Declaración vigente
Como en 1948, los derechos humanos deben seguir siendo una aspiración y una exigencia
Hace hoy 60 años, la Asamblea General de Naciones Unidas aprobó la Resolución 217 A (iii), que contenía la Declaración Universal de los Derechos Humanos. Como tantos otros documentos de la época, empezando por la Carta de Naciones Unidas, la Declaración emanaba de un decidido compromiso internacional con la paz tras los horrores vividos durante la Segunda Guerra Mundial. La Carta articuló un sistema para la convivencia pacífica entre los Estados que, con más o menos dificultades, ha contribuido a evitar el estallido de un nuevo conflicto generalizado o que considere la destrucción total como una alternativa.
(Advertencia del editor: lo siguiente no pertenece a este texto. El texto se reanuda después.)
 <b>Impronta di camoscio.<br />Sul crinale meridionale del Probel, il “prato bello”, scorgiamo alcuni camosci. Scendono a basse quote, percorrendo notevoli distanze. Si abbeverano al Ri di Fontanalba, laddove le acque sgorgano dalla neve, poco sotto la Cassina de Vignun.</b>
La Declaración se proponía, a su vez, subrayar el vínculo que existe entre la paz internacional y el reconocimiento de un núcleo de derechos y libertades irrenunciables de los individuos. Esta voluntad fue resultado de la experiencia vivida en el momento de la aprobación: antes de desarrollar su proyecto expansionista, las potencias totalitarias que desencadenaron la guerra más mortífera de la historia empezaron por negar los derechos y libertades de sus ciudadanos.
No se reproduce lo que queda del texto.